[Image-caption web data]
»»

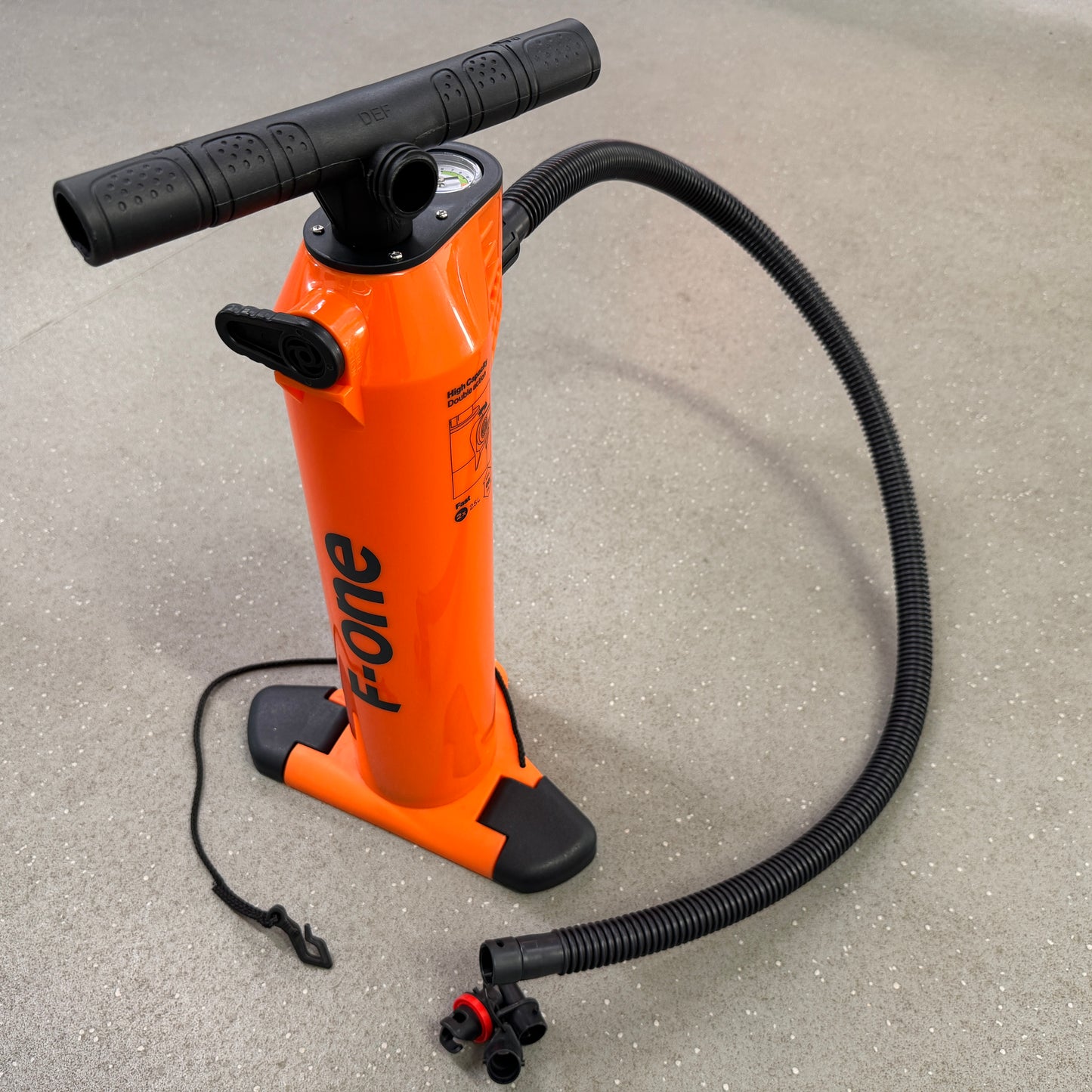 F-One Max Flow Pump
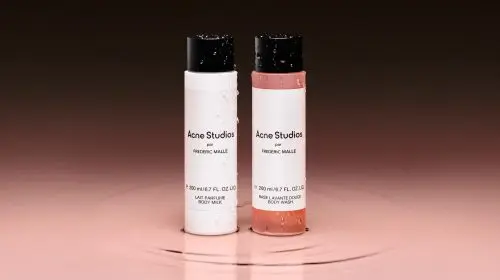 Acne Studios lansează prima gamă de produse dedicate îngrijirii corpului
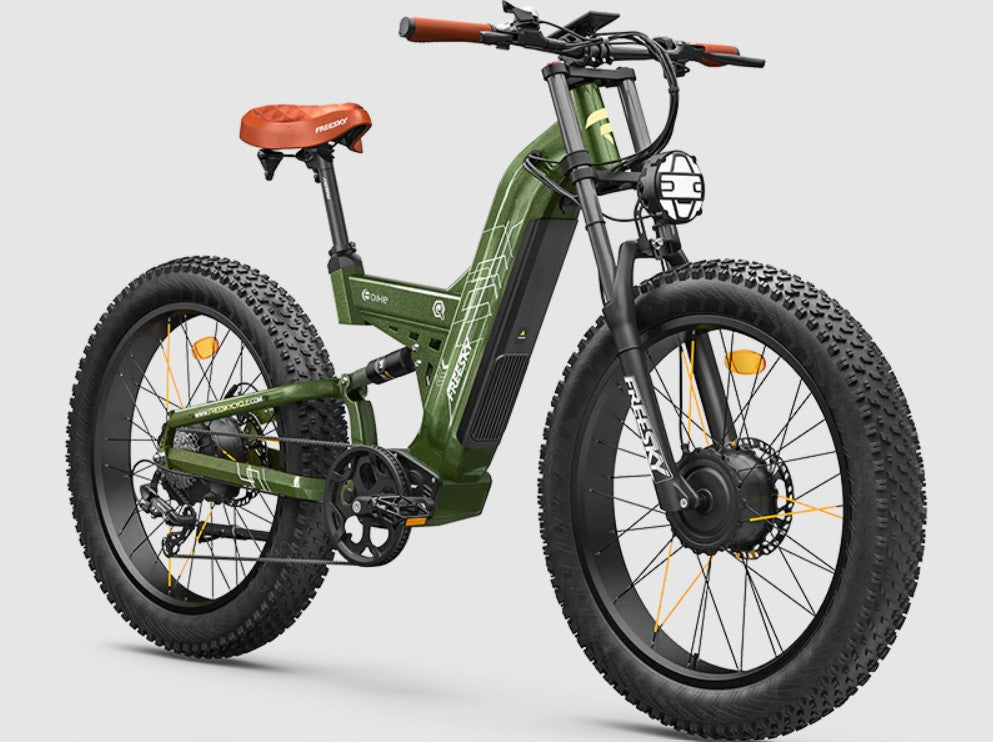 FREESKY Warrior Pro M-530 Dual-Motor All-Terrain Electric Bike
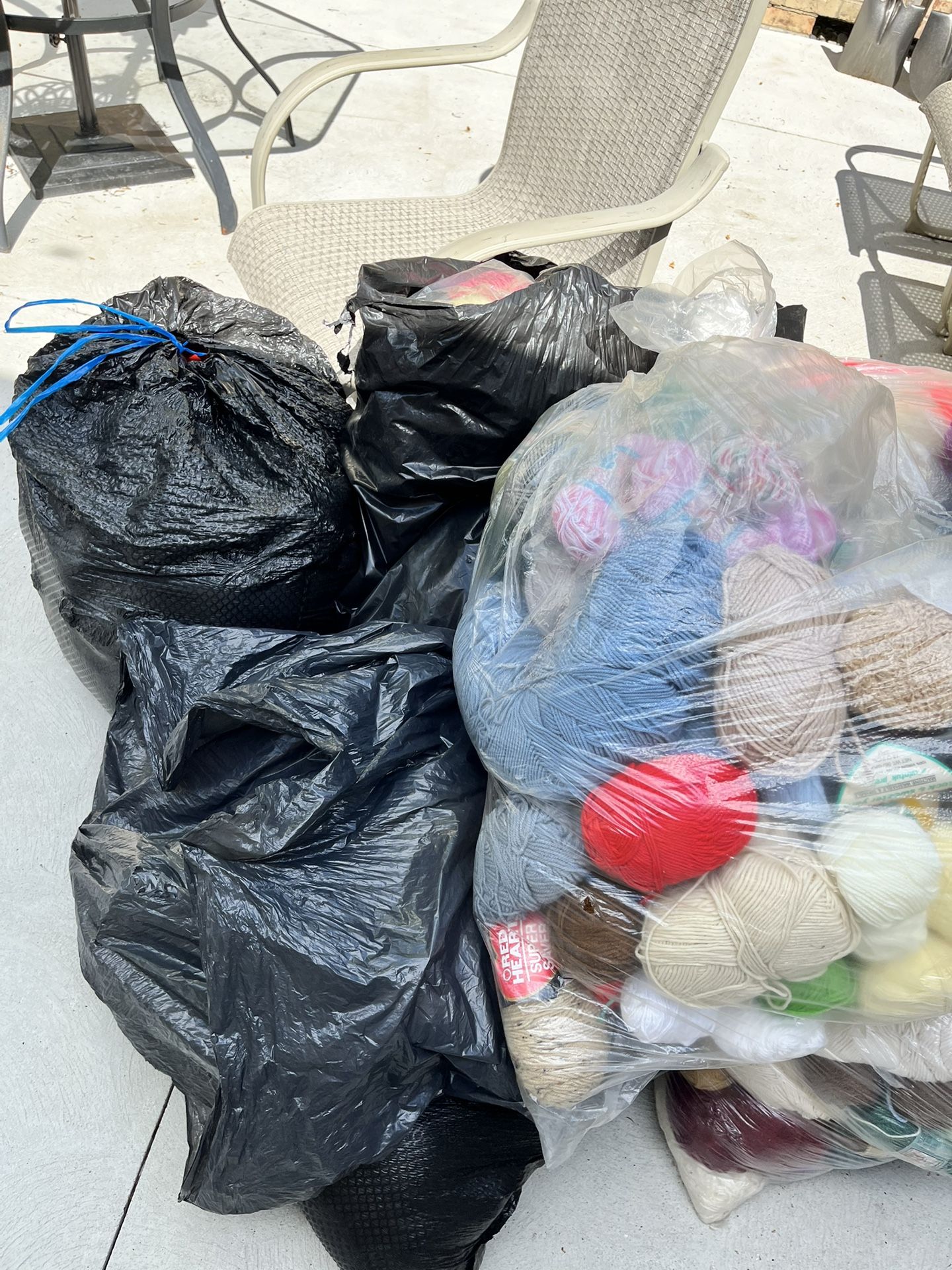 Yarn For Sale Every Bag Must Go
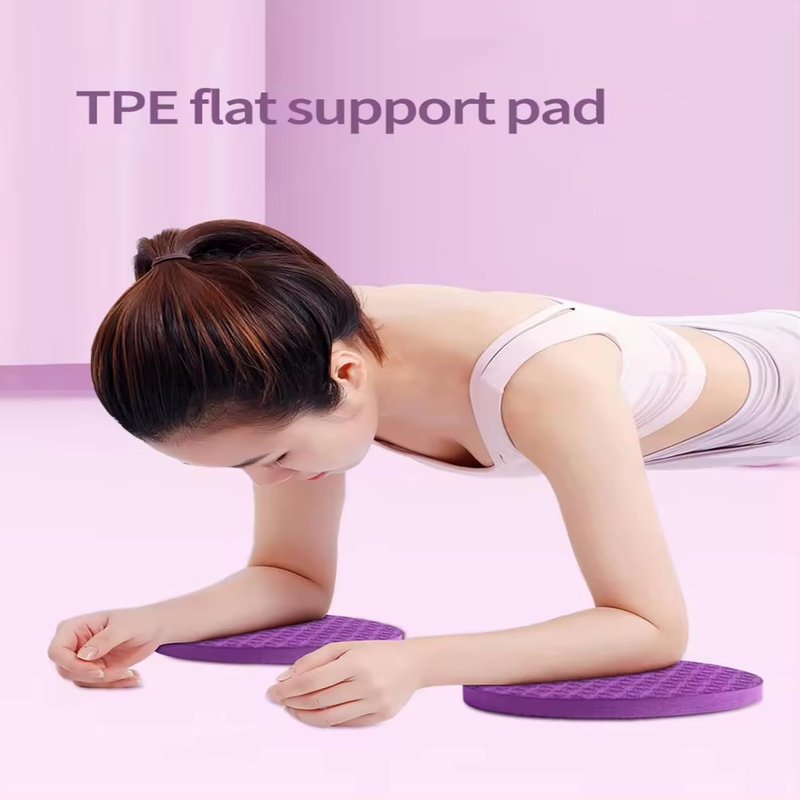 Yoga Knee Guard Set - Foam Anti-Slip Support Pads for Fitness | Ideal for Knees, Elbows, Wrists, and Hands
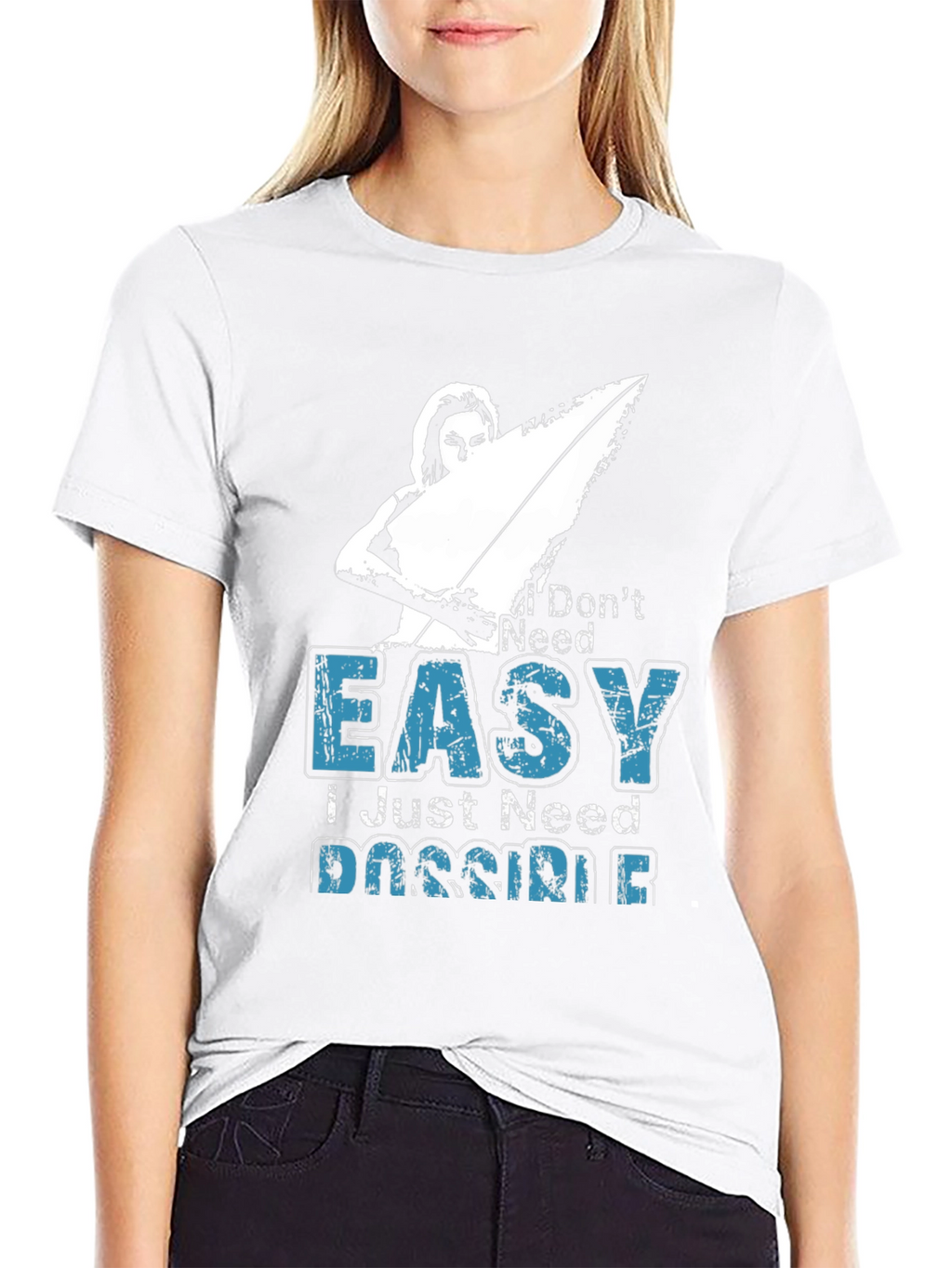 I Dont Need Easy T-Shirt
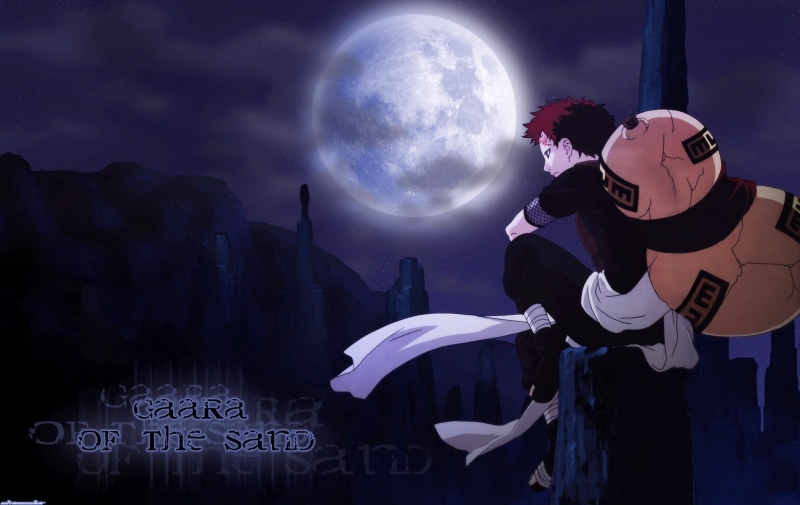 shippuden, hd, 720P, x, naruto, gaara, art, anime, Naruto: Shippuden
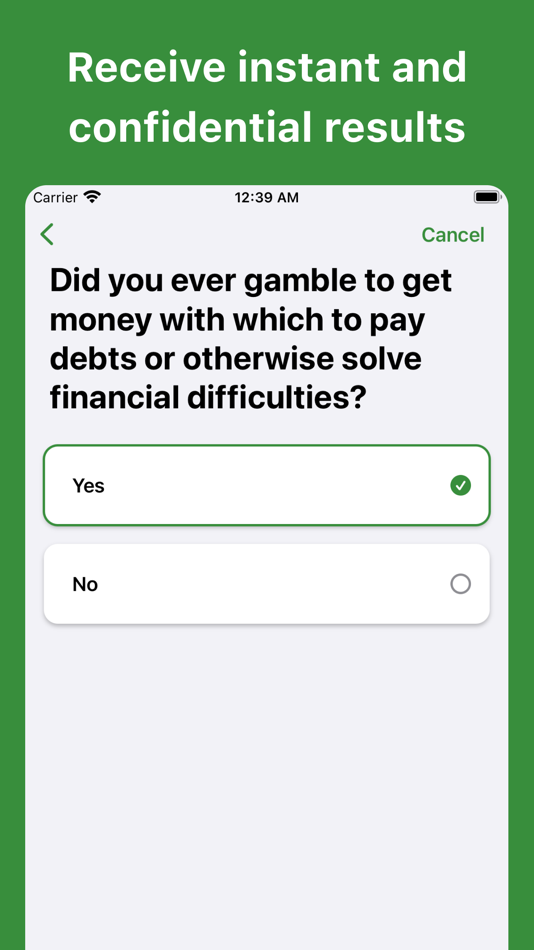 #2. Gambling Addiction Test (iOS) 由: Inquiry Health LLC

««

● **Work item**: Retype exactly the lines above, starting at the line containing "FREESKY Warrior Pro" and ending with the last line, both included; leave out the pictures.

● **Output**:
 FREESKY Warrior Pro M-530 Dual-Motor All-Terrain Electric Bike
 Yarn For Sale Every Bag Must Go
 Yoga Knee Guard Set - Foam Anti-Slip Support Pads for Fitness | Ideal for Knees, Elbows, Wrists, and Hands
 I Dont Need Easy T-Shirt
 shippuden, hd, 720P, x, naruto, gaara, art, anime, Naruto: Shippuden
 #2. Gambling Addiction Test (iOS) 由: Inquiry Health LLC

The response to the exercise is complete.